- [Work order]: Please write out all the entries exactly, without the pictures.

- [Source records]:
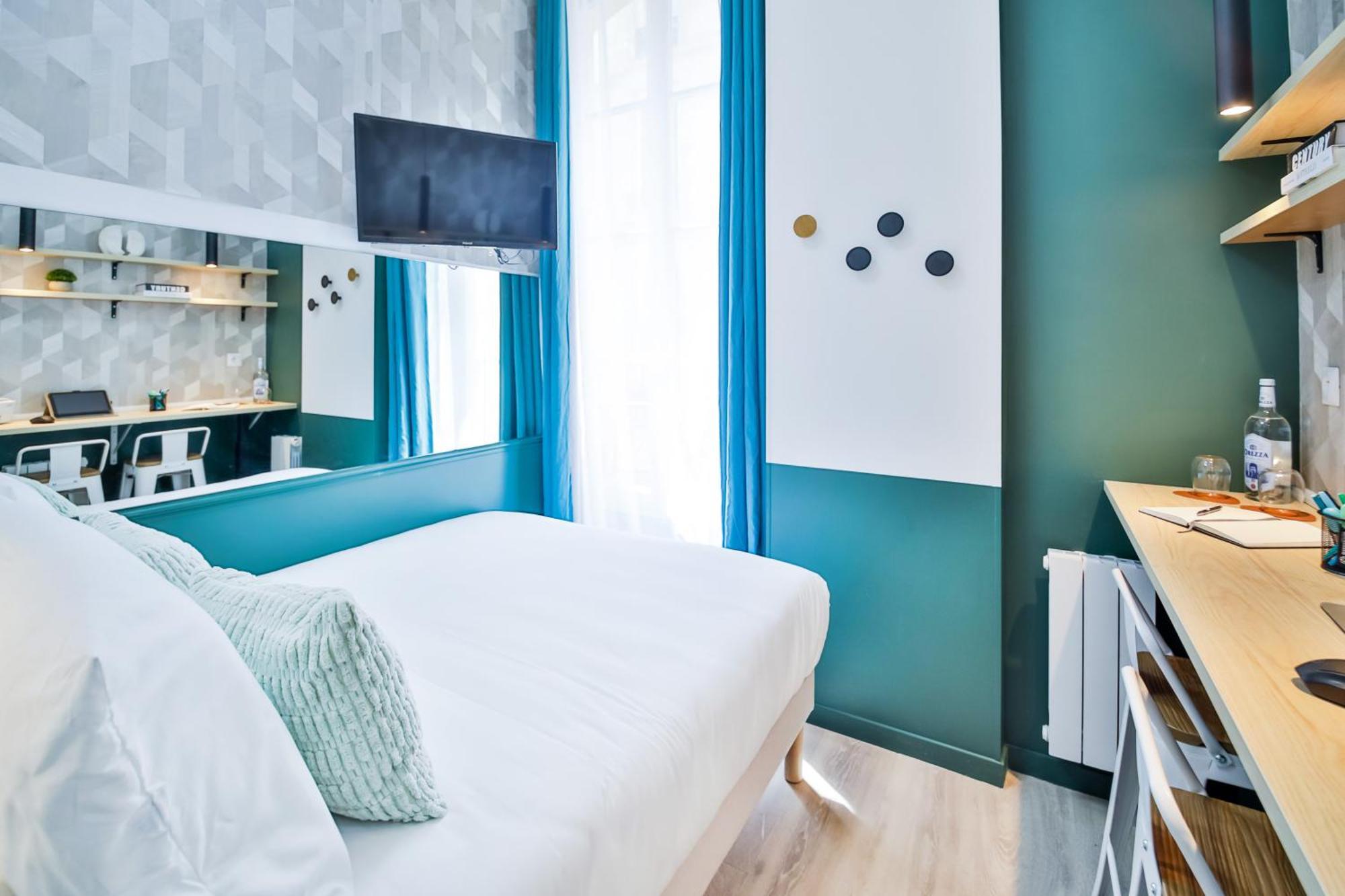 Ws Louvre - Casanova Apartman Párizs Kültér fotó
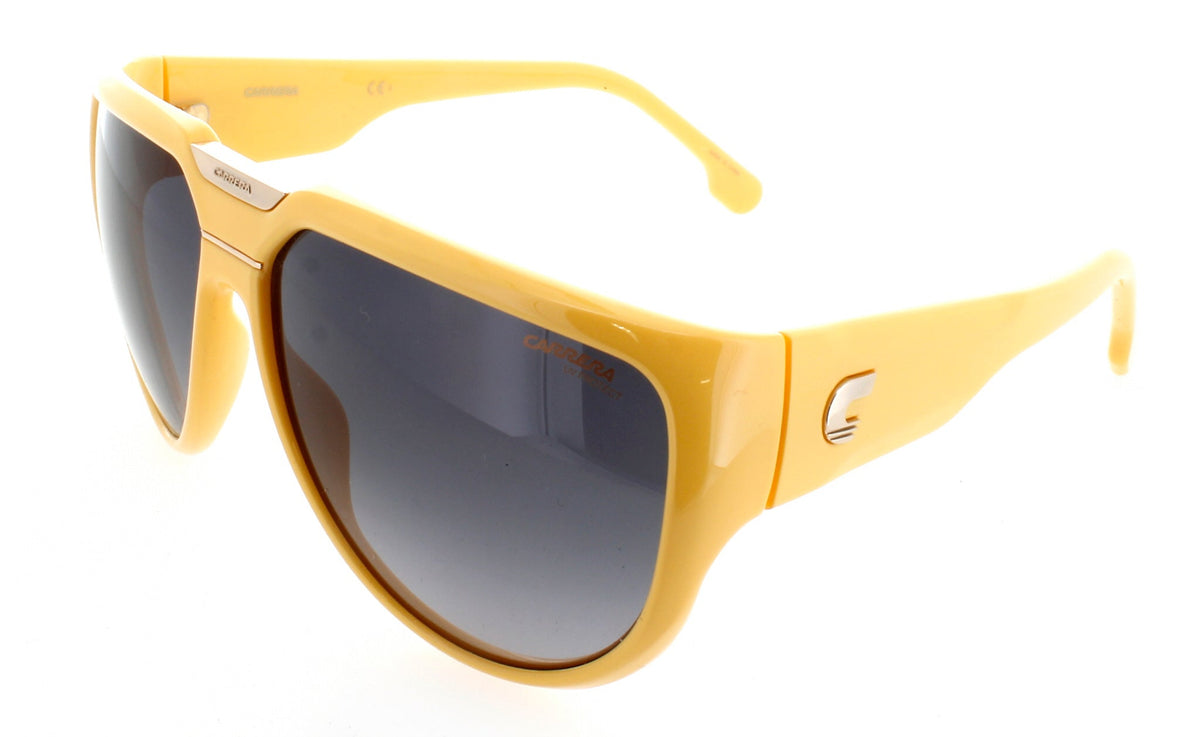 Carrera Sunglasses Yellow
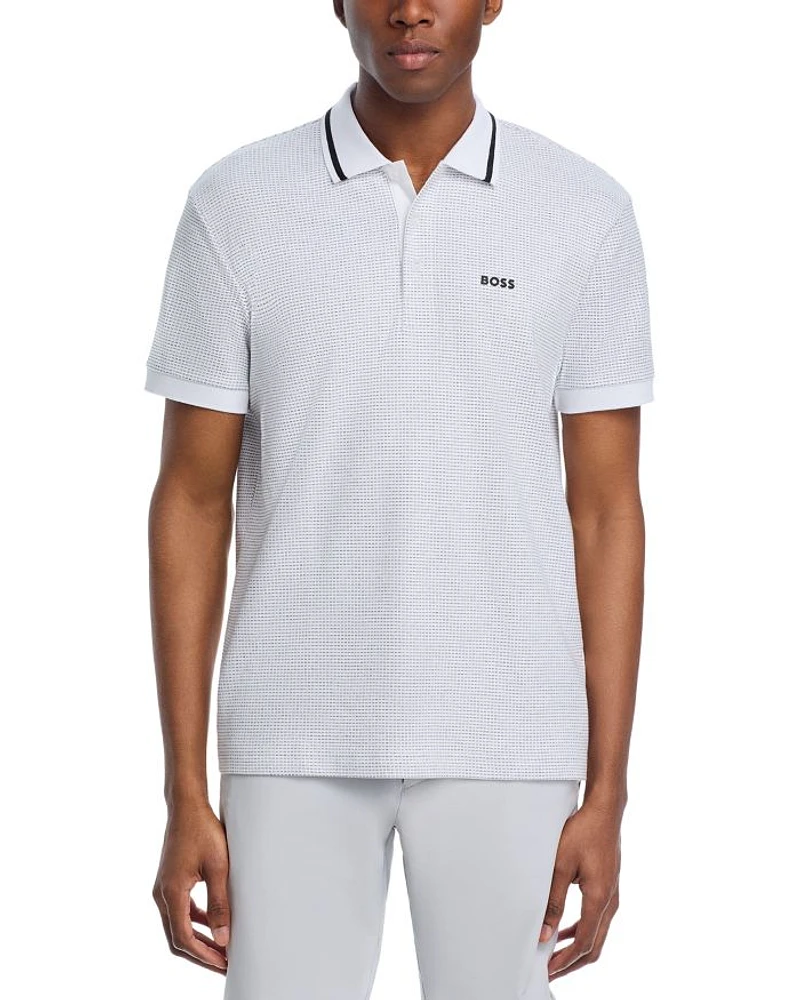 Paddy Polo Shirt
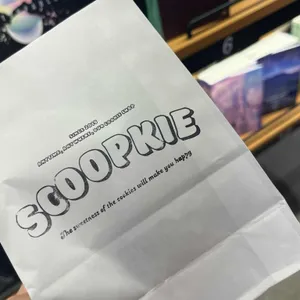 스쿱키 리뷰 사진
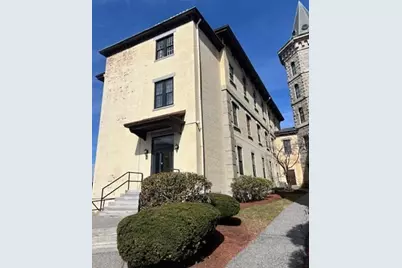 201 Thorndike Street #1-27, Lowell, MA 01852 - Photo 1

- [Response to the task]:
 Ws Louvre - Casanova Apartman Párizs Kültér fotó
 Carrera Sunglasses Yellow
 Paddy Polo Shirt
 스쿱키 리뷰 사진
 201 Thorndike Street #1-27, Lowell, MA 01852 - Photo 1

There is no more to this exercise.